* Aim of the task *
Scan the entries that follow for the word "Park", then report every line in which it appears.

(Dataset entries)
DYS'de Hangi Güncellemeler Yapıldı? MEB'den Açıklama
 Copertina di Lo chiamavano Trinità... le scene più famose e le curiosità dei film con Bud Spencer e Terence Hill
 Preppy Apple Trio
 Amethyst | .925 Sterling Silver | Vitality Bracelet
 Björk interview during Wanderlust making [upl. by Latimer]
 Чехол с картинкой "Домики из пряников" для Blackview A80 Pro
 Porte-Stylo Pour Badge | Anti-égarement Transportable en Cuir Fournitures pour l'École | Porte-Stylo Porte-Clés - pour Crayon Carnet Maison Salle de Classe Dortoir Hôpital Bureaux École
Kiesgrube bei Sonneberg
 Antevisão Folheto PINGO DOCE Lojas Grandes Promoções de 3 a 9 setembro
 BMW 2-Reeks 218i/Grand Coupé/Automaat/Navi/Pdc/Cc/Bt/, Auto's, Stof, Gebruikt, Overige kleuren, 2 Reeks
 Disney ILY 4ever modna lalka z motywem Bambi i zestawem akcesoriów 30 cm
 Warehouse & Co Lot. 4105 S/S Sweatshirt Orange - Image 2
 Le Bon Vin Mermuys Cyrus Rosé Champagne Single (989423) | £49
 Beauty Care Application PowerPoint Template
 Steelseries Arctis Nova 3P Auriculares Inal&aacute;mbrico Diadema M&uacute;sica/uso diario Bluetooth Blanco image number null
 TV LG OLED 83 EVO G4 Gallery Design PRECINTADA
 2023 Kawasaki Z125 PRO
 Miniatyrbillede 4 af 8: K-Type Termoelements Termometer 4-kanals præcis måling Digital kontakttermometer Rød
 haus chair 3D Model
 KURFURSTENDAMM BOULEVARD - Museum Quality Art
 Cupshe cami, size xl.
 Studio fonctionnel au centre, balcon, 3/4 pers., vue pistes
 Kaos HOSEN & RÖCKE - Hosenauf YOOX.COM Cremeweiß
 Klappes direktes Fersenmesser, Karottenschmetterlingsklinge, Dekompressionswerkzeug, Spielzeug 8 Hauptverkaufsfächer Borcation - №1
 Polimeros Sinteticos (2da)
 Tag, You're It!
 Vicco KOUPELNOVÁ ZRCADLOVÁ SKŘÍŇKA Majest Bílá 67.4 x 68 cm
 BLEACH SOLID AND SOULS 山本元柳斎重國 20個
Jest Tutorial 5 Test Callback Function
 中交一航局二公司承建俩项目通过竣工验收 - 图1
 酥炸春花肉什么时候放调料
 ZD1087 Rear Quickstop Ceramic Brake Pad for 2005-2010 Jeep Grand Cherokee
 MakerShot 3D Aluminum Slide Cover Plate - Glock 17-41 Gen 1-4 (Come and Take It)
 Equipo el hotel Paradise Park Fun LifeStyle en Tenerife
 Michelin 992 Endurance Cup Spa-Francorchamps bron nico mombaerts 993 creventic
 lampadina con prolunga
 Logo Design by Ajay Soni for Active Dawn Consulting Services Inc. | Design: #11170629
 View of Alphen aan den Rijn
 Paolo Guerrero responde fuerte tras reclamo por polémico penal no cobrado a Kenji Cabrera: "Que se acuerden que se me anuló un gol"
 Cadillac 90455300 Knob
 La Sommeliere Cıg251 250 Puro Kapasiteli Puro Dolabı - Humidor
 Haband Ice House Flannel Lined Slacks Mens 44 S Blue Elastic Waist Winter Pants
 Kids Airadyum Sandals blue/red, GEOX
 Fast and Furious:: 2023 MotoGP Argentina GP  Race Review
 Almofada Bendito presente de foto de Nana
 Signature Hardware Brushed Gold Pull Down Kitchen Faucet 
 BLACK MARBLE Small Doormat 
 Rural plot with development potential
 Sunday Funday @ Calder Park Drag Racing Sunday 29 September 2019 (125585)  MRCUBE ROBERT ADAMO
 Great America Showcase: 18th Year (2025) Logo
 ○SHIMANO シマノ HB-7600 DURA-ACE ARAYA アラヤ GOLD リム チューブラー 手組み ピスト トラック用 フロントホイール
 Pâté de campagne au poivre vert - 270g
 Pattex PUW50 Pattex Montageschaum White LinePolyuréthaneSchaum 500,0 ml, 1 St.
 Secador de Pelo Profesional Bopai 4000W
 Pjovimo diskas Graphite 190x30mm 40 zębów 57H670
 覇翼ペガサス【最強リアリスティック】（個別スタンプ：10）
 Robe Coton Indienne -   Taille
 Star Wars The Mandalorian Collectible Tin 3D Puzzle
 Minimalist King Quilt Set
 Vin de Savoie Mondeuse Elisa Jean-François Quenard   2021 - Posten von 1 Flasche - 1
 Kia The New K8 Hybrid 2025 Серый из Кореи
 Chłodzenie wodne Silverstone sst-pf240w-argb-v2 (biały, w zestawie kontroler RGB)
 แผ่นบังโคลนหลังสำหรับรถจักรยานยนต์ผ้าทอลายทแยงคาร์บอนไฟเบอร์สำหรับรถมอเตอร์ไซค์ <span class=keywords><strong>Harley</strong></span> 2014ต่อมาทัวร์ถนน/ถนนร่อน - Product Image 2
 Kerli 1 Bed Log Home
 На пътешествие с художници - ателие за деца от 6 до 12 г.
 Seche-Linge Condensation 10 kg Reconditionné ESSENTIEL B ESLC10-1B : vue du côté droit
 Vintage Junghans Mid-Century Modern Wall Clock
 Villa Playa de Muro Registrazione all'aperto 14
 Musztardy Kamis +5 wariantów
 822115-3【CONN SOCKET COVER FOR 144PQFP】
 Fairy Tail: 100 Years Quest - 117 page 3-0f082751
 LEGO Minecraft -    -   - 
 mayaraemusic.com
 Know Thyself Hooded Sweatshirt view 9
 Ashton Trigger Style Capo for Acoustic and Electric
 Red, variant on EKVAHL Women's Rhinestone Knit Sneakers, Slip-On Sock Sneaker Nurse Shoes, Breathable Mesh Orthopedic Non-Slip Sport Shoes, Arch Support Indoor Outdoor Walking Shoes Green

* Your solution *
 Equipo el hotel Paradise Park Fun LifeStyle en Tenerife
 Sunday Funday @ Calder Park Drag Racing Sunday 29 September 2019 (125585)  MRCUBE ROBERT ADAMO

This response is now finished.